In fact, the threat of cyber intelligence-gathering and cyber warfare by Russia against the U.S. is not merely real but pressing, yet Moscow has been allowed to keep its activities largely under wraps because the White House refuses to publicly identify them.

By comparison, some 20 years’ worth of aggressive Chinese military and intelligence cyber attacks and hacking of government and private sector systems that have harmed national security have been given much more public attention, the WFB noted.

The news site reported further:

Less information has been made public about the nature and scope of Russian cyber activities, and the Obama administration has sought to avoid highlighting the threat over concerns doing so would upset its diplomacy-oriented national security strategy. The reliance on diplomatic solutions continues despite a major increase in threatening Russian activities, both cyber and conventional, including military aggression in Europe.

The primary Russian agency that conducts cyber activities and spying is the Federal Security Service, known by the acronym FSB. It closely resembles its Soviet-era predecessor, the KGB. Also, the SVI spy agency and the GRU military intelligence service are two additional main players behind Russia’s aggressive clandestine cyber war activities and intelligence gathering.

“The Russians are so good we don’t usually see them,” James Lewis, a cyber expert at the Center for Strategic and International Studies, told the Free Beacon, adding that some Russian criminal organizations have better cyber capabilities than most governments.

 

 

“The FSB hackers do classic political military espionage, and it’s a tribute to their success that they got into State, DoD and White House networks last year,” Lewis said. “The frightening thing about those incidents is that it may have been practice events for new teams. They really are [our] peers in cyberspace.”

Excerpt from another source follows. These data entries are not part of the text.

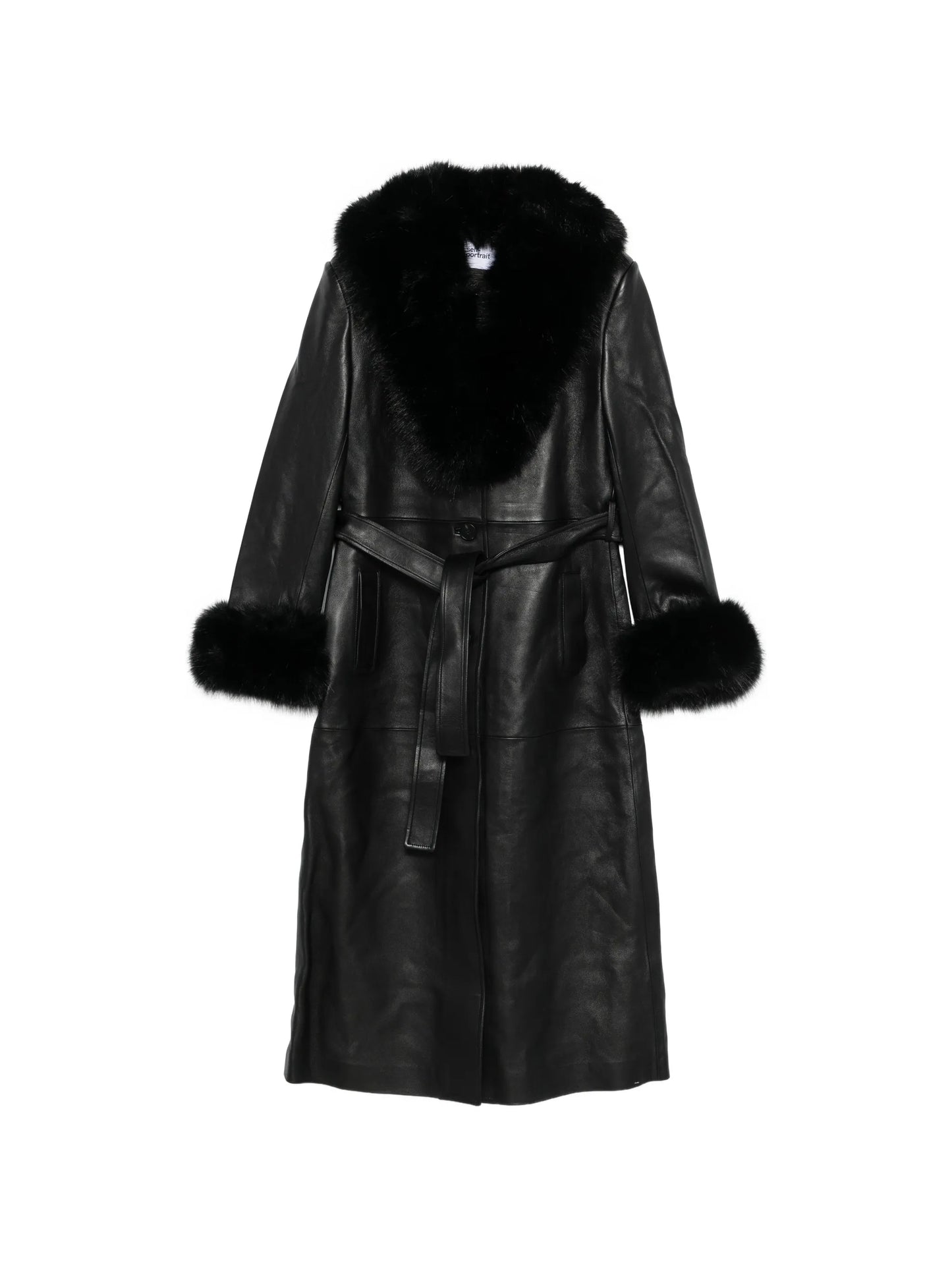 faux fur-collared belted coat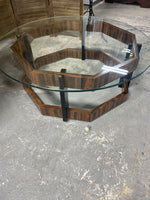 Hexagon Coffee Table with Round Glass Top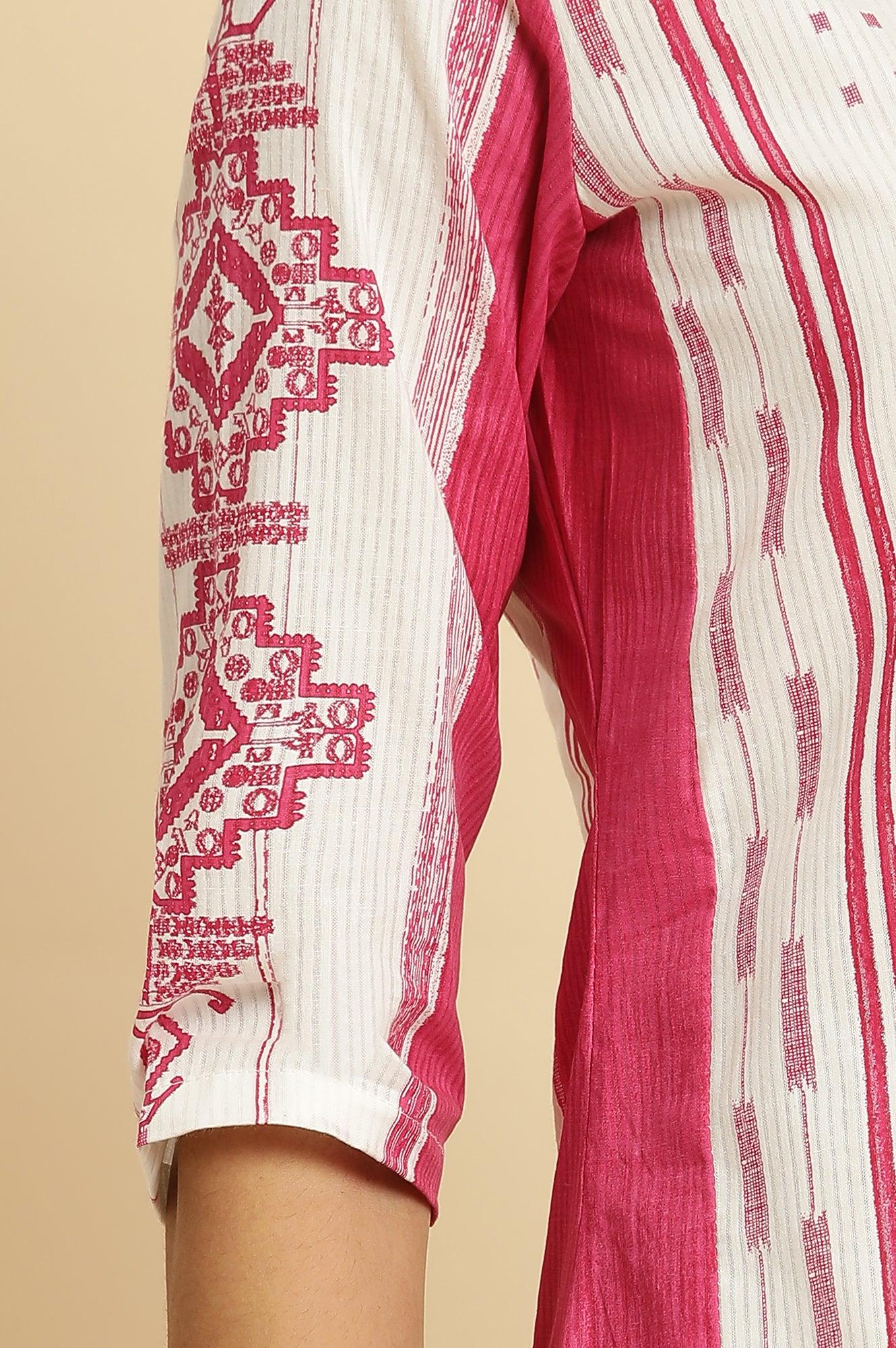 W for Woman Pink & White Kantha Printed Kurta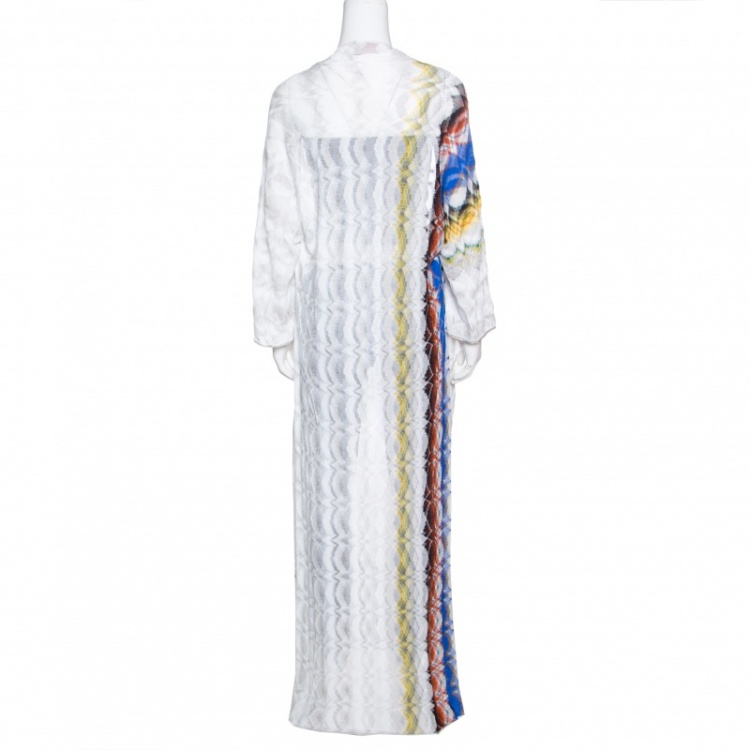 Pre Owned Missoni Multicolor Patterned Knit Draped Open Front Long Cardigan M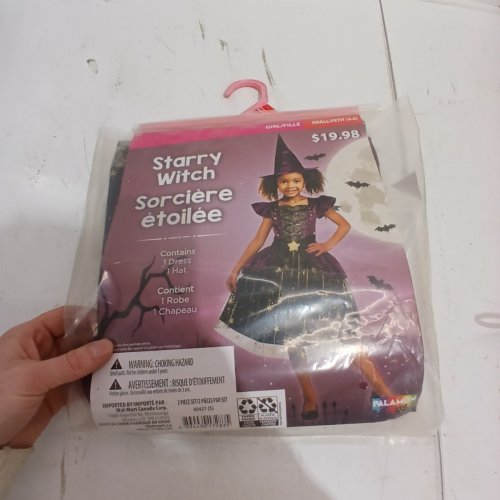 2PC GIRLS STARRY WITCH COSTUME - SMALL (4-6) - BLACK/PURPLE/GOLD (STYLE: 40427) image 3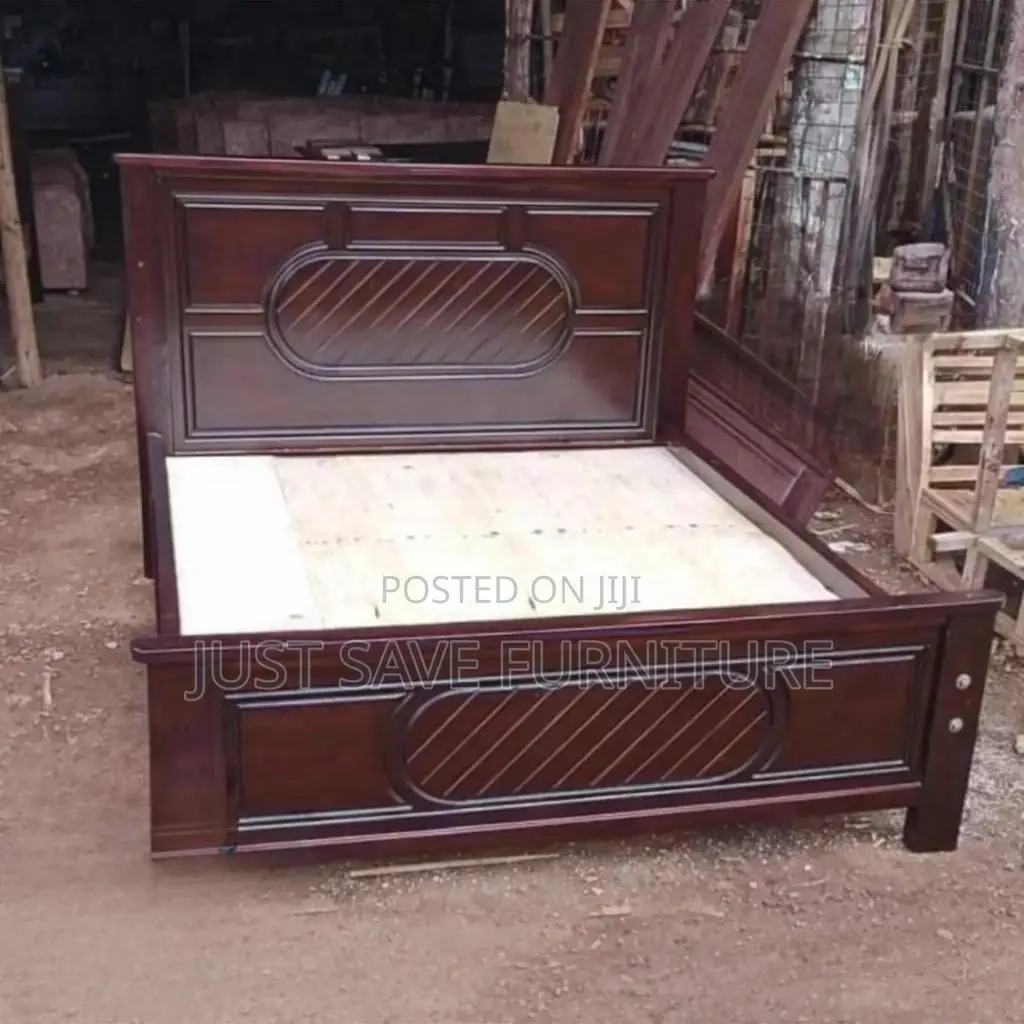 5x6 Executive Mahogany Wooden Bed – Classic Strong Hardwood Design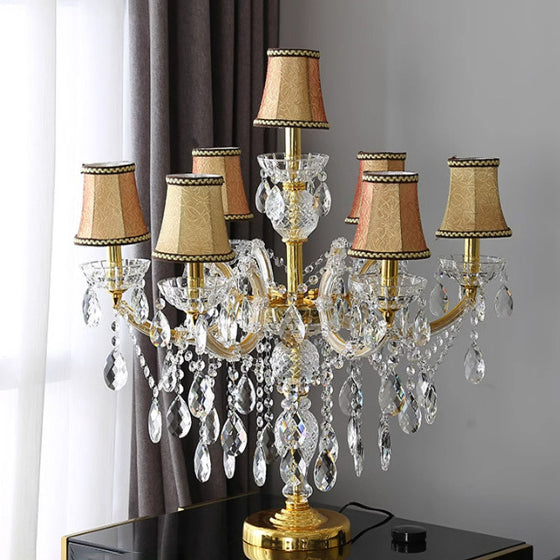 Pleated Fabric Hardware Glass 7-Light Table Lamp
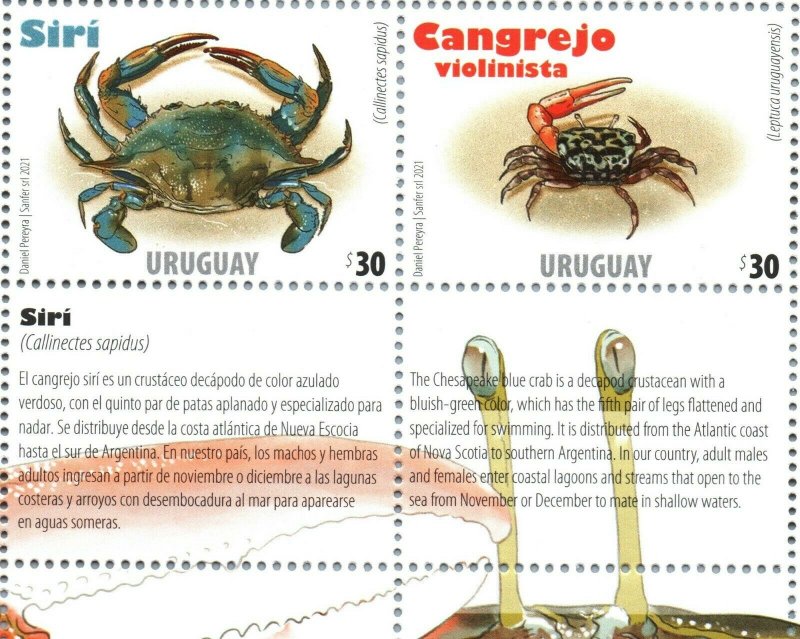 Spring issue Crabs Crayfish crustaceans marine life URUGUAY 2021 MNH stamp w/tab 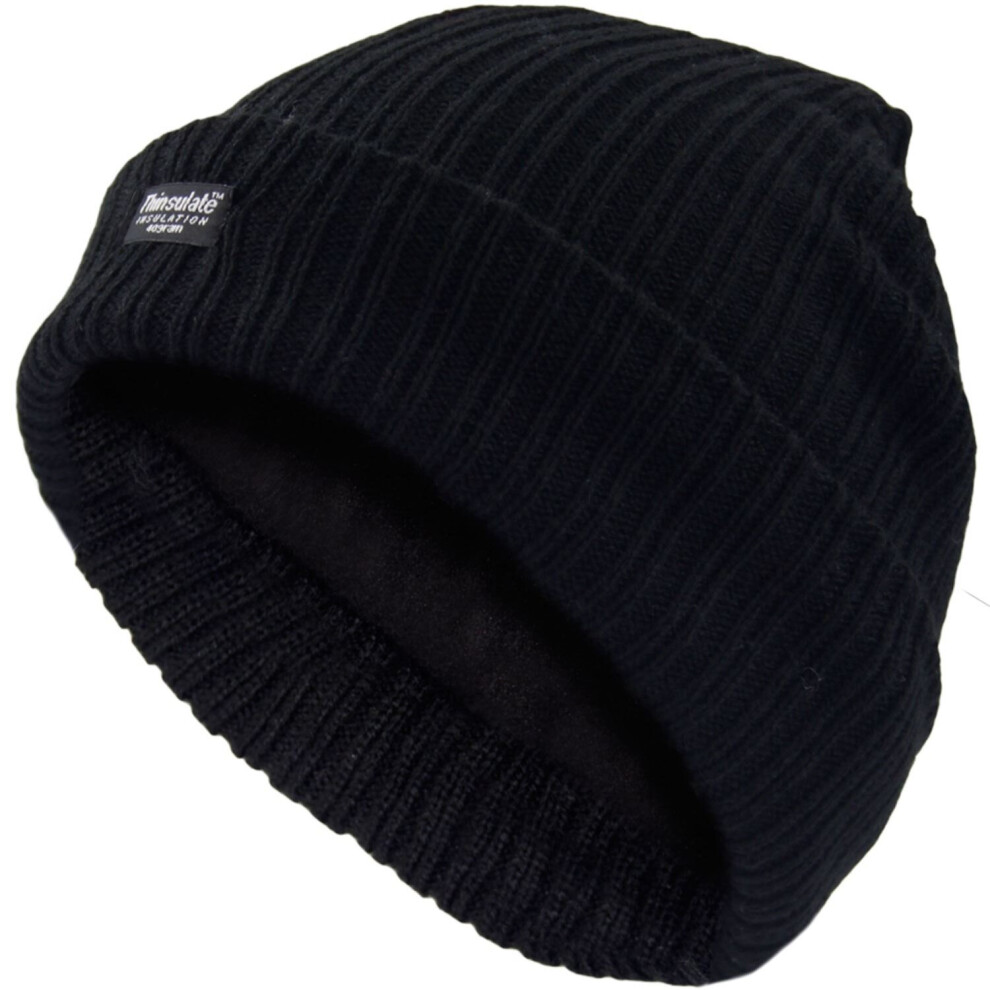 (Black) Womens Thinsulate Beanie Hat Fleece Lined Woolly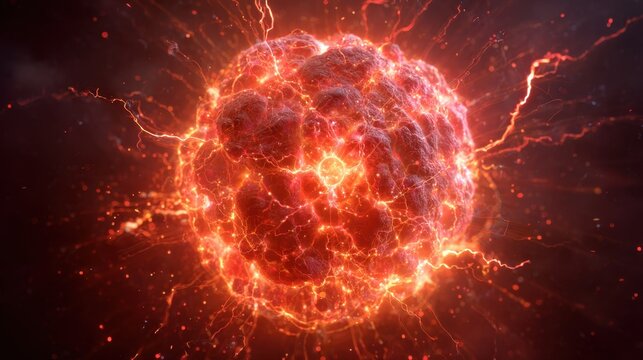 Cosmic Combustion: A celestial event unfolds in a blaze of radiant energy, where a fiery sphere explodes, its surface cracking open to reveal a dazzling core.
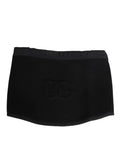 Dolce & Gabbana Black Lace Stole Knitted DG Logo Men One Size Scarf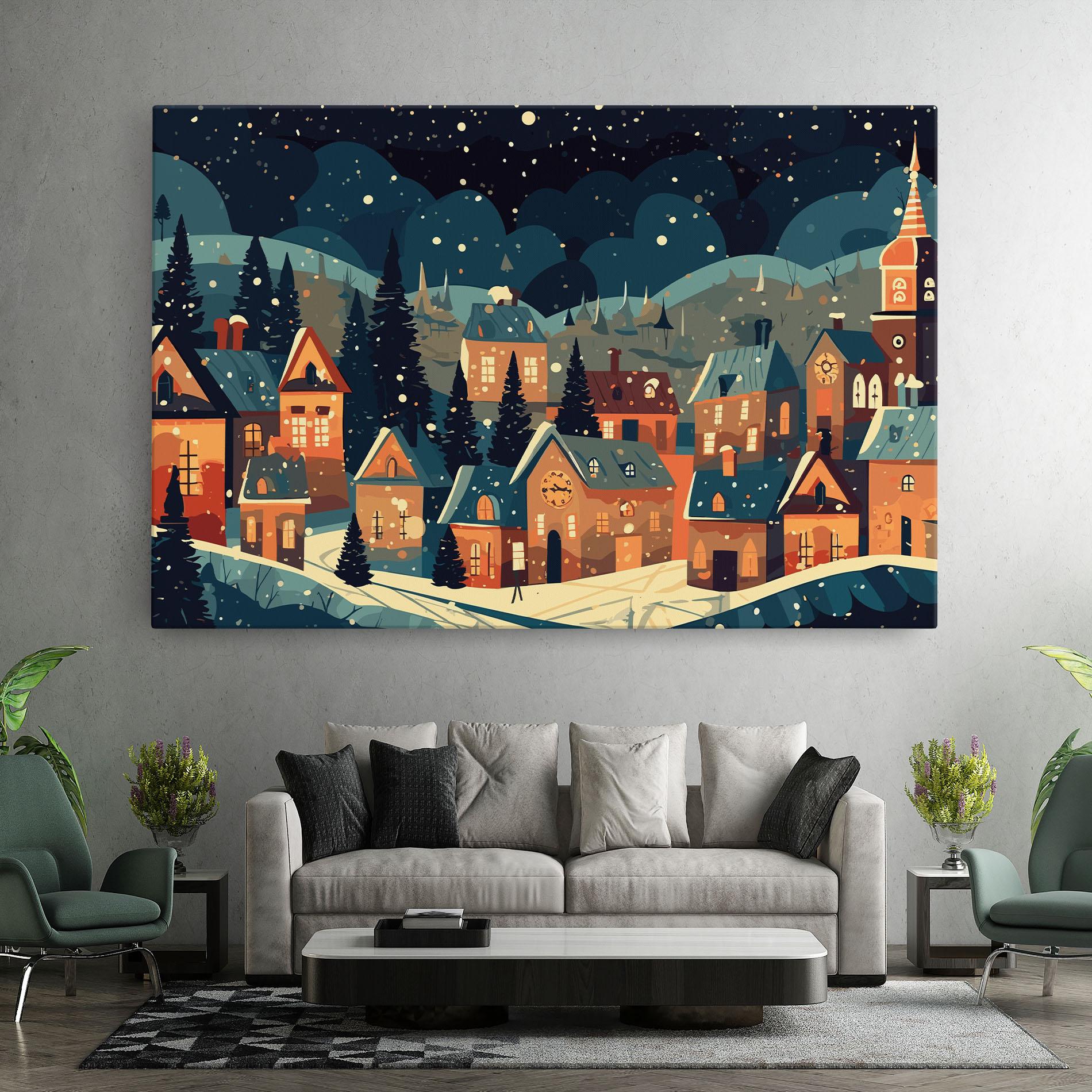 Картина на платно Winter View Houses mockup 7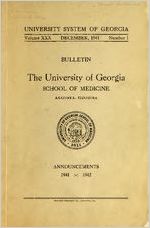Bulletin of the University of Georgia School of Medicine, 1941-1942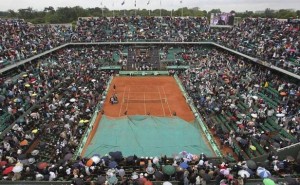 Cours à Roland Garros bâché pour la pluie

Yet, Obama and his senior staff have made few references to this Russian threat, which have included attacks on unclassified White House networks. Russian hackers were also believed to have penetrated the Joint Chiefs of Staff email system in 2015, forcing a shutdown of the system that lasted for weeks.

In addition, Russian hackers targeted the private email server used by Hillary Clinton while she served as secretary of state, the WFB reported, noting that of the emails released by the State Department as part of an FBI’s investigation, four were identified as fake emails from Russian hackers attempting to penetrate the system.

The WFB noted further:

Russian cyber activities are focused mainly on intelligence gathering and military reconnaissance of critical infrastructure networks as advance work for a future conflict, or what the military calls “preparation of the battle space.”

Last year Director of National Intelligence James Clapper told Congress that Russia had bypassed China as the United States’ principle cyber threat.

“While I can’t go into detail here, the Russian cyber threat is more severe than we had previously assessed,” he said.